カテゴリー:私たちのこと
2013.05.08
この町名はどこに行ってもある。元町、上町と言ったりもする。川の対岸門脇にもある。いずれ、居住的にも仕事的にも最初に栄えた地区なのだろう。街の喧騒が田町で緩衝される感じでやや川から離れ南東に開けた所が本町。新町名では湊町1丁目あたり。いわゆる「湊=魚」のイメージの地区。
戦後しばらく隆盛を極めた漁船漁業。多くの漁業会社(船主さんの自宅兼事務所)が軒を接していたもの。その名をあげれば十指にあまる。所有船の多くがトロールと巻き網船。近海はもとより北洋にスケソウダラを追って出漁し、水産加工練り製品の原料供給を担った。
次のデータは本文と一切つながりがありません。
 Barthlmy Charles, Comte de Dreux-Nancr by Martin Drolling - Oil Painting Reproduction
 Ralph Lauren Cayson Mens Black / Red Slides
もちろん、時節になればサケ、カツオ、サンマほかを水揚げした。
魚市場はまだ川岸にあり加工場群が漁業会社を囲んでいた。工場に魚を運び込むオート三輪が行きかう中を、馬車も活躍した時代だった。加工場の軒から薪をたく煙、白い蒸気が立ちのぼり、あの芭蕉の‶かまどの煙たちつづけたり″という一節をほうふつとさせた。
それも昭和40年代中葉、新漁港が長浜にできて各社、加工場も引っ越しして街は一気にさびれた。そこに「漁業200カイリ規制」だった。石巻の漁業会社の勢いがそがれた。造船をはじめ関連業界にその影響は及び、津波が来る前からゴースト化していたのは確か。